Caro leitor, um dos significados para "tártaro", como registram os dicionários, é a substância espessa originária do suco de uva, encontrada também nas paredes dos barris de vinho. Por analogia, indica qualquer tipo de crosta ou sedimento.

No caso do tártaro dentário (odontolitíase), é um depósito duro, esbranquiçado, que surge sob as gengivas ou na borda dos dentes, formado basicamente de fosfato de cálcio, partículas de alimentos e bactérias.

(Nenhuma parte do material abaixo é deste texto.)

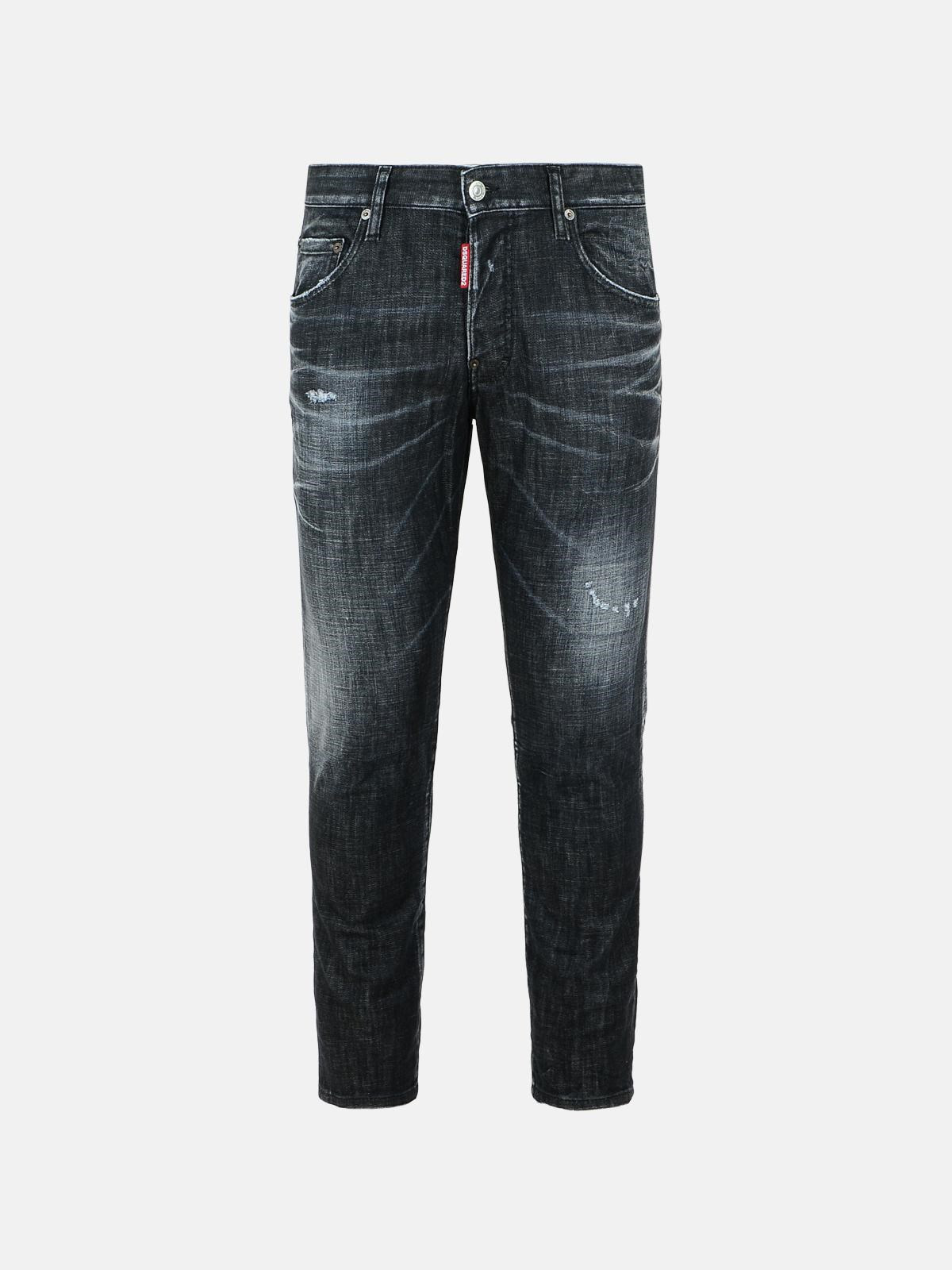'SKATER WASHED' BLACK COTTON JEANS - 1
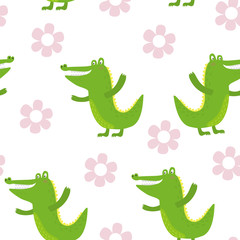Cute crocodile in cartoon style. pattern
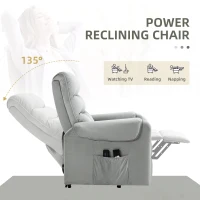 HOMCOM Vibration Massage Rise and Recliner Chair, Electric Power Lift Recliner with Remote Control and Side Pockets, Grey(m-5)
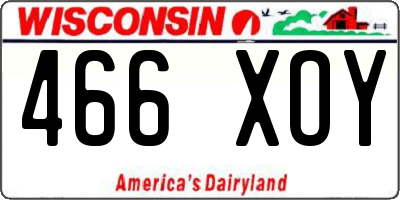 WI license plate 466XOY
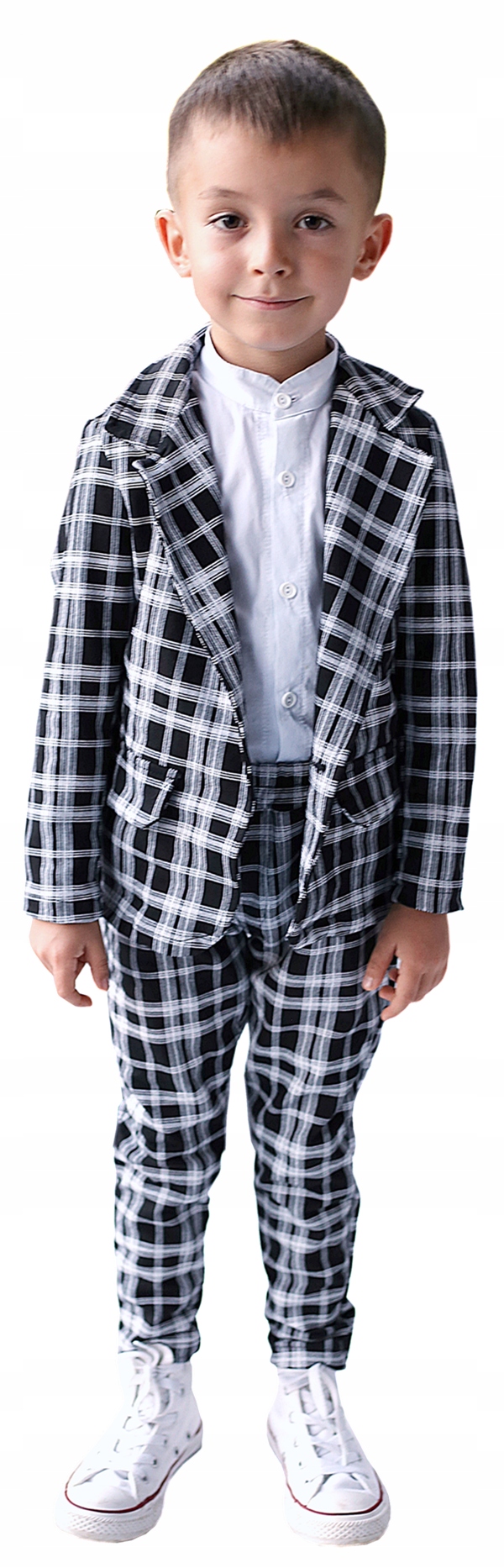 

Garnitur dla Chłopca w Kratę bawełniany 74 Czarny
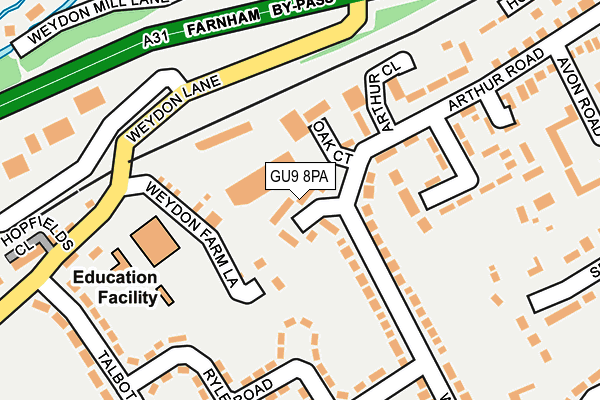 GU9 8PA map - OS OpenMap – Local (Ordnance Survey)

Voltamos ao grego tartaros, pelo latim medieval tartarum. A dureza da incrustação é o que justifica a referência ao mundo inferior ("infernal"), rochoso, das profundezas, tartáreo. O sentido odontológico, baseado na analogia que expliquei acima, começou a ser registrado no início do século XIX.

quarta-feira, 6 de outubro de 2010

A tartaruga herética, musical e virtuosa

Um leitor pergunta sobre a origem da palavra "tartaruga".

Os antigos olhavam com pouca benevolência para a tartaruga. Viam nela algo de tortuoso, de assustador. No grego, tartaroukhos significava aquele ser que habita o Tártaro, o mundo inferior, os infernos.

Do latim medieval *tortuca evoluiu-se para tortue, no antigo francês. Que tortos caminhos são os da tartaruga? Um animal que vem do submundo, e carrega sobre as costas um vestígio desse lugar tenebroso! Sua lentidão inspirava ideias de heresia.

Lembremos, porém, que existia entre os latinos um tipo de lira formado pelo casco da tartaruga. E modernamente, em certas histórias, a tartaruga aparece como símbolo de virtudes como a paciência e a persistência.

domingo, 3 de outubro de 2010

O voto é sagrado

Um leitor (eleitor!) perguntou-me hoje a origem do verbo "votar".

Tínhamos no latim vulgar *votare, que procedeu de vovere, "obrigar-se", "prometer solenemente".

Há em princípio um sentido devocional em votar. Uma pessoa pode devotar-se aos pais, devotar amizade a alguém, votar, dedicar seu tempo, sua vida à ciência, a uma causa etc. Entre os católicos, fala-se em "missa votiva", celebrada como cumprimento de promessa feita a Deus. E há os que fazem votos de castidade, de pobreza, de obediência.

"Bodas" também tem a ver com votos. Do latim vota, que é plural de votum. São promessas de uma vida em comum, bodas de ouro, de diamante, de brilhante...

O sentido moderno de manifestar desejo, de aprovar com sufrágio, expressando opinião própria, nasce no século XV. O verbo votar acabou se tornando mais popular e corriqueiro do que "sufragar", inicialmente mais adequado, a partir do latim suffragium, em relação com fragor, "quebrar" (o silêncio), "clamar".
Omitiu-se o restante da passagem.